» YOUR GOAL:
Return the listing below word for word.

» SUPPLIED INFORMATION:
· · · ·

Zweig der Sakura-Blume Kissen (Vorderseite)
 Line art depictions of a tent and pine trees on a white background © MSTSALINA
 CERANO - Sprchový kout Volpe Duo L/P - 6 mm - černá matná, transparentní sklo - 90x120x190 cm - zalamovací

· · · ·

» WRITTEN ANSWER:
Zweig der Sakura-Blume Kissen (Vorderseite)
 Line art depictions of a tent and pine trees on a white background © MSTSALINA
 CERANO - Sprchový kout Volpe Duo L/P - 6 mm - černá matná, transparentní sklo - 90x120x190 cm - zalamovací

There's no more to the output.